At this time, large projects require embracing a new management pattern and shaping context, which requires organizational thinking. You have no choice but to flex and grow the skill in managing agents like large organizations, which are all about creating specialists.

However, even complex and compact things can easily outpace the ability of AI to achieve work well. This is a new skill, for sure. Critics are missing out on understanding how this will affect them as first movers work to capture the next wave of value.

Future of Leadership

I can't help but think how this is going to affect the future. The one thing I do know is that the way organizations train junior talent has been forever changed. And the capacity for the next generation to learn to lead is also changed.

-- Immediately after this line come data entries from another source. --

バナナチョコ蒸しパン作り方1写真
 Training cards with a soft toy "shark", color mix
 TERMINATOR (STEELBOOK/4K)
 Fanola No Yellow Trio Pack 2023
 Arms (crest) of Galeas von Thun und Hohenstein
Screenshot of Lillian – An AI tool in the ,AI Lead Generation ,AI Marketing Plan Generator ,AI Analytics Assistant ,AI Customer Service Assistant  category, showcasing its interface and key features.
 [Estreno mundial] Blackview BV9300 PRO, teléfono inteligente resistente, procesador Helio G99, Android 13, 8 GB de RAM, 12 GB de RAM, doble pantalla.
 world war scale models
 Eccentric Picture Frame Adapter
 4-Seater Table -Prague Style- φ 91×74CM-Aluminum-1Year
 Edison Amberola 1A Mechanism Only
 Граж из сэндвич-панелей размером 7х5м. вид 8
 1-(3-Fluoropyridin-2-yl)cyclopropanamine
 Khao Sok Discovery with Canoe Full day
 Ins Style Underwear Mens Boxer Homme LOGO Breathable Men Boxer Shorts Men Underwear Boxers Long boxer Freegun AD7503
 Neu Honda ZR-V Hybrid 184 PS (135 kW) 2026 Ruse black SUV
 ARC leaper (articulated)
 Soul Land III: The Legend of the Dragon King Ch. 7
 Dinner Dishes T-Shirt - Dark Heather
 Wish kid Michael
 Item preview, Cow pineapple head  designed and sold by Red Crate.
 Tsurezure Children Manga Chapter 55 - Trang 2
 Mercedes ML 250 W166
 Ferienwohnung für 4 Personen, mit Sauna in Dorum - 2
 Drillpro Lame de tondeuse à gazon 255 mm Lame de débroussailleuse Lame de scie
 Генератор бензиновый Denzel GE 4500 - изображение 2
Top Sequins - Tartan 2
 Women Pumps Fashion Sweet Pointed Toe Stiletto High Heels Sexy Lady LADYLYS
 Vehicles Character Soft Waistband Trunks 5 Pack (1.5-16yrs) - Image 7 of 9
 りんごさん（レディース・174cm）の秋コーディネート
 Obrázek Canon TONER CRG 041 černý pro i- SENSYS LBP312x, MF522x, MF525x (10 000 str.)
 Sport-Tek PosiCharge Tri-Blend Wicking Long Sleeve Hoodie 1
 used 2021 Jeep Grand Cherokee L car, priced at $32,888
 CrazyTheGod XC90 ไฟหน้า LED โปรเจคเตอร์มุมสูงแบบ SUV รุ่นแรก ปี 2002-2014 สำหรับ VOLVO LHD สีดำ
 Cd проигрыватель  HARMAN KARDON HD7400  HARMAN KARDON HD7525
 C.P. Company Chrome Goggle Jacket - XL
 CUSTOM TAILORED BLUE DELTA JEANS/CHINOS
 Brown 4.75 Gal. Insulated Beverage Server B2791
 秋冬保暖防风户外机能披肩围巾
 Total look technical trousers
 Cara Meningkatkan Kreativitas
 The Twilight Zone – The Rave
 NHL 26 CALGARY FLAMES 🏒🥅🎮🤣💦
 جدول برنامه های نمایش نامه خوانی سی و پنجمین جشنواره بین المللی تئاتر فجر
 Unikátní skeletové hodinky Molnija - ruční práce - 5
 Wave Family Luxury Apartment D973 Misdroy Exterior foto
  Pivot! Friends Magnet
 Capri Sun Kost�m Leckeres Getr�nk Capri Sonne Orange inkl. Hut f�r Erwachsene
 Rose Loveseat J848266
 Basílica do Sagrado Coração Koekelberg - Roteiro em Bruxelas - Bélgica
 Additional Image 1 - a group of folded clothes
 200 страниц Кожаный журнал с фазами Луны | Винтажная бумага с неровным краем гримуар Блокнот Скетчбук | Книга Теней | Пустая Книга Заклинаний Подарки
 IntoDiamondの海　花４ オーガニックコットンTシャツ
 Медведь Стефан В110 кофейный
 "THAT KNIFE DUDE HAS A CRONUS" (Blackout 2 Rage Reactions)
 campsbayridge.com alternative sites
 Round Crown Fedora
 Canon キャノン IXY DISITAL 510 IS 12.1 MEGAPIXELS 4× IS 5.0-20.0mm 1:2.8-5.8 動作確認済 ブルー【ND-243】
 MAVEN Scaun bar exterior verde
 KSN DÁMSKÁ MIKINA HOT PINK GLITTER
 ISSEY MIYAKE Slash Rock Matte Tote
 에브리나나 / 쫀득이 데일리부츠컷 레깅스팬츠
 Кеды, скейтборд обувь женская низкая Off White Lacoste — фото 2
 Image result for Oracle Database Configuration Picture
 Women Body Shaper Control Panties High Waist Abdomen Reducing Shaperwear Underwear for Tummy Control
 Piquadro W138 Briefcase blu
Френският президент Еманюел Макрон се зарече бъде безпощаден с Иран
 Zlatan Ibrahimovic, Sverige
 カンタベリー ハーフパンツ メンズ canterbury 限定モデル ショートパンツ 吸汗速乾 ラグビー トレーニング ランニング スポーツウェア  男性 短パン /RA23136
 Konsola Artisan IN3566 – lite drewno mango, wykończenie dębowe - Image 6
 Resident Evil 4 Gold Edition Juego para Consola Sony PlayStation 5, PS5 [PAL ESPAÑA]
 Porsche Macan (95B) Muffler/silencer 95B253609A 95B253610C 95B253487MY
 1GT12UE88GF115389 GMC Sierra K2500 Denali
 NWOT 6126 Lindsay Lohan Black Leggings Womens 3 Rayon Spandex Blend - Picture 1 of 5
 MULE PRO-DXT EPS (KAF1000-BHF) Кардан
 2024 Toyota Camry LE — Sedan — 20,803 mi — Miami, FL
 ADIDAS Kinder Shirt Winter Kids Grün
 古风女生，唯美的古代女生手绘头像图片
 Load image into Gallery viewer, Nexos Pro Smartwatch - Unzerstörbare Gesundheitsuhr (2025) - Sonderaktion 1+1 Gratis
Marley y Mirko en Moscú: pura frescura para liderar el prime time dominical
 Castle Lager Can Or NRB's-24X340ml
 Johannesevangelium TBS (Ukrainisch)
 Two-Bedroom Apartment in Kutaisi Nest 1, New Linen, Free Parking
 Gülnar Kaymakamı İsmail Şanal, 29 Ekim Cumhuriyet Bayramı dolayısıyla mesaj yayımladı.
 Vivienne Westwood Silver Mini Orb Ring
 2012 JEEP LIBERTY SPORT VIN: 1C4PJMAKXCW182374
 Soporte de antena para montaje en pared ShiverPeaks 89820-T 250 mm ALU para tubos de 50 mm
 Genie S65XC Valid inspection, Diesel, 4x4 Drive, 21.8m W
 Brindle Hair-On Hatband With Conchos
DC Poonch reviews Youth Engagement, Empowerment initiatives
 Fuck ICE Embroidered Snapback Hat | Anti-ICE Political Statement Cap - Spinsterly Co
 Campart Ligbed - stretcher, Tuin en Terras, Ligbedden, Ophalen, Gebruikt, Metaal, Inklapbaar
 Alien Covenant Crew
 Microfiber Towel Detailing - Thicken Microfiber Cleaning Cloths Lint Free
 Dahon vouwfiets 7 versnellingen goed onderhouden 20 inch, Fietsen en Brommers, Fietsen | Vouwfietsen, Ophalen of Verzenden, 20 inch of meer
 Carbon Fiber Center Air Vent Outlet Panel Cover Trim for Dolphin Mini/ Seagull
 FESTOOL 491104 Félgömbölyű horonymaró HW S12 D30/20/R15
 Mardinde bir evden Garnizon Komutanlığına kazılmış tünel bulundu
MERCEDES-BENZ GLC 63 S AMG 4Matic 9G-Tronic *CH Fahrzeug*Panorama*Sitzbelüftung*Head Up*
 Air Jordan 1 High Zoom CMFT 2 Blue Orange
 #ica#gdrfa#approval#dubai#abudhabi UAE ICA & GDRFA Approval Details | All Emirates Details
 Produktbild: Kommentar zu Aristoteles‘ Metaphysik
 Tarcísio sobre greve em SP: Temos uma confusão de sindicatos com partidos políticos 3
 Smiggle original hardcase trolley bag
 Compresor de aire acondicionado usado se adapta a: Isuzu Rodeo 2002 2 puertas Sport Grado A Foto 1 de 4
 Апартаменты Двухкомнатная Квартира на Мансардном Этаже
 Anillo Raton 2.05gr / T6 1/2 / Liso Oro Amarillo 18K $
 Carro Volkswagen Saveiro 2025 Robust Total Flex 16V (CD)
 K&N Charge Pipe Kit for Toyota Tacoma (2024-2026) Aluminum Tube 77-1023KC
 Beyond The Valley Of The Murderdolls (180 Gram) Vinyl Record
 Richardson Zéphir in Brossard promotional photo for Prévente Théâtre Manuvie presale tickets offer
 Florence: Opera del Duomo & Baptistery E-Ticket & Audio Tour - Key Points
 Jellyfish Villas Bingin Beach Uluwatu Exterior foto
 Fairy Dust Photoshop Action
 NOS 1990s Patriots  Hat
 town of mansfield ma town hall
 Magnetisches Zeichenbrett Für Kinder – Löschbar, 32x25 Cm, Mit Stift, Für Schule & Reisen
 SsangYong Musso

For example, it used to be that a future leader could learn some leadership by being given an intern to build something during a summer session. Sometimes, it's just a small thing or a new component that is easy to isolate and not high-risk nor high-priority. Sometimes, the entire thing is thrown away, as there is value in developing talent for the long term and giving interns a great experience.

All of that is going to change as the queue of ideas can be drained very quickly now. Those one-off projects can be vibed in a few hours. It's shocking, but now the question is how to identify and grow talent in a meaningful way. It's hard in this new world.

Worse yet, I'm retired, and I'm working super hard. I'm going fast and building value for myself, but my mind is feeling the sheer strain of this productivity. I'm making too much, and the technology that should have liberated me is pushing me even harder in even more directions than I can manage.

It's exciting, but I fear what will happen in new ways. It's going to be a wild ride.